**Instructions for the task:**
Print the whole listing below exactly, skipping every picture.

**** Given information ****

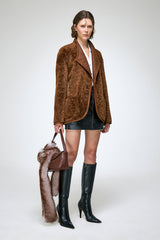 Agnes - Manteau en peau lainée marron foncé
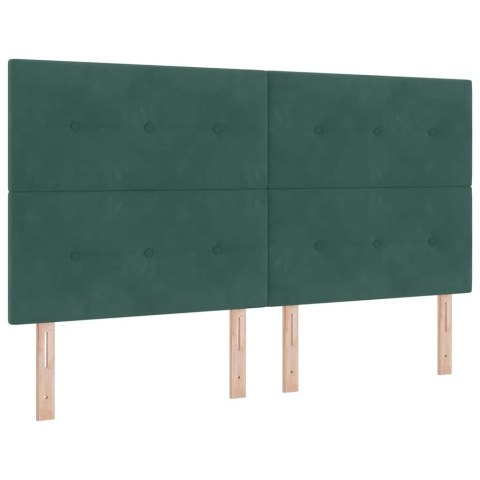 Łóżko sprężynowe Ciemnozielony 200 x 180 cm Aksamit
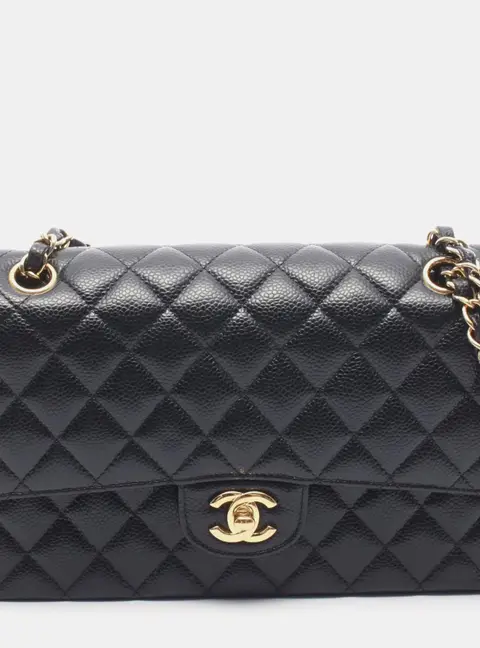 Chanel Classic Double Flap Medium Black Caviar Leather Shoulder Bag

****

**Result:**
 Agnes - Manteau en peau lainée marron foncé
 Łóżko sprężynowe Ciemnozielony 200 x 180 cm Aksamit
 Chanel Classic Double Flap Medium Black Caviar Leather Shoulder Bag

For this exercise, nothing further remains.